Nightmare Parenting Story #563

My side of an IM conversation tonight:

I took Helen to see Pinocchio tonight, put on by the local children’s theatre organization that I have been involved with for 22 years.

Cute show. First half, anyway. (More on why I only have an opinion on the first half shortly)

One of my best friends wrote the adaptation and directed it, and a lot of good friends are in it/involved with it somehow.

Mom and Helen saw it last weekend, and she loved it, so I bought tickets to go tonight.

Today, Helen was so excited playing with Jan (internet friend)’s son Benjamin that she wouldn’t eat lunch. Then we had to talk her into eating dinner, because her tummy was unsettled from being empty.

You see where this is going, don’t you?

After intermission, Helen wanted to sit in my lap

I thought she was tired

So I let her

and five minutes into Act II she started leaning back on me, so I asked her if she wanted to go home

we were in the third row

stadium seating

two rows below us

“Do you want to go home, Helen?”

She nodded, and turned around to snuggle in more (I thought), so I hugged her and happened to have my hand over her cheek/mouth (thank God) as she puked down my shirt.

Twice.

The row in front of us was spared, thankfully, because Helen was cold and wearing my jacket as a blanket, so I used that to catch it…

Our row was spared because I have spent so much of Helen’s life trying to shield the world from her projectile vomit that I have a little too much experience with this

But they MOVED out of the way so we could get out

She dropped her Croc down into the tunnel (it’s a Greek-style theatre — arena seating around tunnels that enter onto the stage), so I had to send an usher to go get it

and we squished out

I hope I kept most of the puke contained in my shirt, bra, and jacket, and by cupping Helen to me, but I don’t know

Jerry met us at the door to strip Helen and bathe her, and I went upstairs to wash it out of my hair, etc

and now I’m doing laundry

All I can say is THANK GOD I knew all of the tech crew at the top of Riser 3 who helped us get down the stairs, get the shoe from Tunnel 3, and the House Manager who asked me where we were sitting as we were leaving. I was embarrassed, but not as much as I would have been, you know?

And I’m glad I hadn’t cleaned out my car today because there were plenty of plastic bags and whatever to cover ourselves with so that the seatbelts didn’t get all coated and gross.

And since I’m leaving at 4:30 am to go to Paducah in the morning, Helen saved me some time — no need for me to take a shower at o’dark ugly, because I ALREADY DID, at 9pm!!!

Yuck.

Poor kid.
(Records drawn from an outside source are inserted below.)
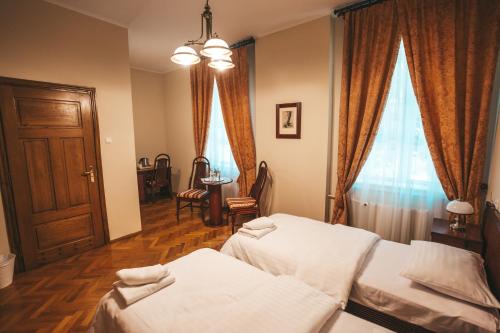 a bedroom with two beds and a window at Pałac Sieniawa in Sieniawa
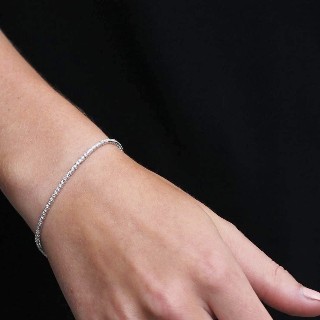 Bracelet ligne en or gris 18k avec 1.38 Cts de Diamants brillants. G-VS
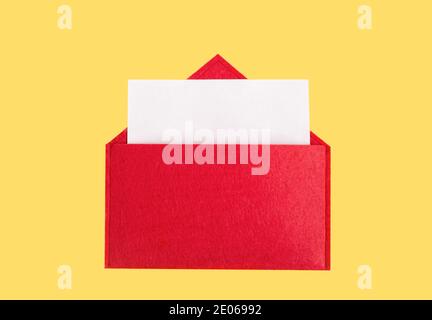 Red open envelope with a sheet of paper with mock-up on a yellow background with copyspace. Valentines day holidays concept and love notes Stock Photo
I guess we won’t be going off the reflux meds quite yet… And we’ll have to keep reminding her that she throws up when she doesn’t eat.

3 thoughts on “Nightmare Parenting Story #563”

  1. Oh my! How awful!

    This mamma thing sure isn’t for sissies, is it!

    Hope she’s back to her old self!

  2. Ewww…you poor things! I wonder if Panoply & Panoply Junior addressed this during the into to Act 2? It’s amazing what a you can take as a Mom, huh?

  3. Nope — Fantasy and Junior didn’t get a chance to mention it, since it was five minutes after Act II started.